I am pleased to now include Tara Tanaka, videographer and creator of the great “Big Red” egret video we saw the other day, as a Reader. With that status, she has permitted me to post her fantastic wildlife videos. Tara and her husband own a 45-acre cypress swamp, providing lots of opportunities for animal shots.
So today, in lieu of Readers’ Wildlife Photographs, I offer one of Tara’s other videos, “Teamwork.” Its subtitle is the sentence, “If it seems to warm and fuzzy, keep watching!” Its a vivid demonstration of the power of kin selection. Here are her notes:
A new and hopefully much improved edit of a video I posted last year. Digiscoped with two independent systems, both using GH4 cameras on Swarovski scopes, shot in 4K using manual focus. Enjoy!
The duck, by the way, is a black-bellied whistling duck, Dendrocygna autumnalis.
Tara’s Vimeo website is here and her flickr site, with lots of photos and videos, is here.
And for your bird aficionados, the Cornell site gives the range of the black-bellied whistler:

That was… well, who needs coffee? Not me.
My heart just filled up 13 times over…..
I have to assume that a lot of babies are lost to depredation in the swamp. Birds of prey, snakes, gators, raccoons…It’s tough out there.
My brother in law’s family has a home on a FL canal. Their new water poodle puppy (5 months) could not resist jumping in for a swim. A ‘gator was close by and took the pup in an instant. Needless to say, the kids were pretty upset.
That sounds horrific!
Oh, how heart-breaking!
Welcome Tara, to the WEIT carnival.
Nice video! I didn’t know that ducks could nest in regular bird nest boxes.
We have a nature preserve a few miles away that keeps similar above-ground boxes for a couple families of wood ducks. I know they prefer to nest well off the ground in tree holes, so it seems the same for these ducks.
Amazing video! So great to be able to capture the chicks’ first moments of freedom and danger.
This species is undergoing a rapid range expansion, probably due to global warming. Once, their U.S. range was limited to south Texas and it was rare to find them as far north as Houston. And now they seem to be traveling up the Mississippi into Tennessee.
I wonder if the gaters are moving north too. It is little things like that that might stir the republican right into trying to slow down global warming.
Yes, they were a fairly common summer bird in Houston 30 years ago, but nothing like the year round hordes these days.
I think they made their way around the Gulf to Florida only in the last twenty years or so.
I checked a few old sources. The Peterson Field Guide (1980) doesn’t mention black-bellied whistling ducks at all, just fulvous. Madge & Burn (1988) show them just a little bit north of Brownsville. And that accords pretty well with my experience in Texas.

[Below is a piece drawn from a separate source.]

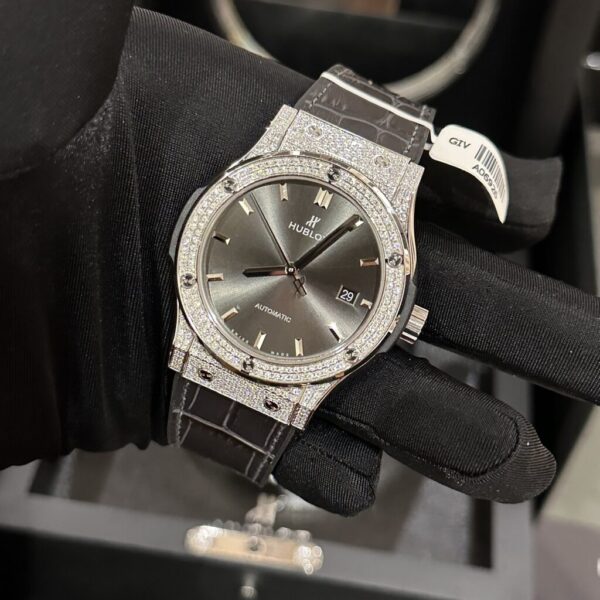 Replica Hublot Replica 1:1 Watch Classic Fusion Full Diamond Moissanite Grey Dial 42mm - Top Watch - Image 3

I know the Peterson guide thoroughly surveys Eastern Texas, but I know there were at least a good number of whistlers in a few Houston parks by the mid 80’s. I lived near Hermann Park a few years then so I’m pretty sure I’m not mixing things up with ten years later. Maybe this was just a small urban pioneer summer colony, though it does seem odd that Peterson’s would miss it.
When you say “whistlers”, which species are you referring to? Fulvous whistling ducks were present in 1980 (and are in the Peterson guide), but black-bellied whistling ducks, as far as I know, were not.
Pretty sure they weren’t fulvous, but I wasn’t as aware of the distinction back then as I later became.
I wonder if they might be known escapees from the zoo and that’s why they weren’t recorded. Or I could simply have the species mixed up.
I was just trying to clarify. If species are expanding, any published map must lag a bit behind reality, so perhaps Madge & Burn were a little bit out of date by then, or perhaps these Houston ducks were an isolated few. I don’t recall seeing any black-bellied even in Corpus until the 1990s, but I was there only once every year or two. Anyone who really wants to document this should check Christmas count records, which I assume are by now online.
I’ve checked. Black-bellied whistling duck doesn’t show up in the Houston Christmas count until very late: 2005. For whatever that’s worth.
There was one in Michigan last year. They seem to showing up as vagrants far north of their traditional range relatively frequently. Though not enough to not draw huge crowds of birders each time!
Sublime as always, Tara! Glad to have you aboard!
Wow. I’d seen a Facebook meme of ducklings jumping from a box a couple of years ago, but this is sublime with the alligator. Cute and terrifying. Fragile, feather-puffs.
Thanks to all for your nice comments – so great to get to share these.
I think we had our first BBWDs here in Tallahassee, FL about 4 years ago, but 2014 was the first year they successfully nested here (2 broods), and we had 3 broods this year.